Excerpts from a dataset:
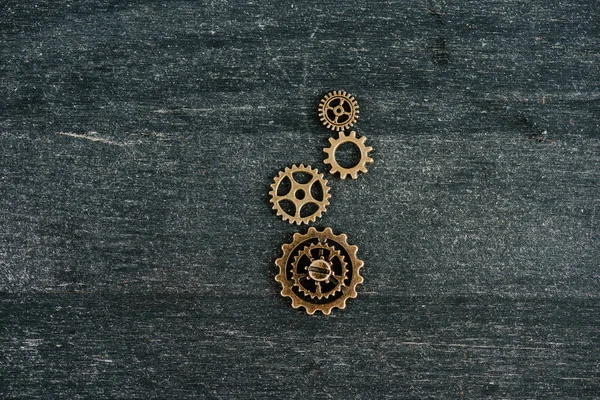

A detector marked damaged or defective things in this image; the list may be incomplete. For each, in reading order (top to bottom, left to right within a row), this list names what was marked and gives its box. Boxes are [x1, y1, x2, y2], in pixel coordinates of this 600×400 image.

rusty gear [316, 90, 358, 130]
rusty gear [326, 130, 372, 179]
rusty gear [270, 163, 330, 225]
rusty gear [276, 227, 364, 314]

### Exercise prompt
Could you repeat the data exactly, omitting its pictures?

### Answer box
A detector marked damaged or defective things in this image; the list may be incomplete. For each, in reading order (top to bottom, left to right within a row), this list names what was marked and gives its box. Boxes are [x1, y1, x2, y2], in pixel coordinates of this 600×400 image.

rusty gear [316, 90, 358, 130]
rusty gear [326, 130, 372, 179]
rusty gear [270, 163, 330, 225]
rusty gear [276, 227, 364, 314]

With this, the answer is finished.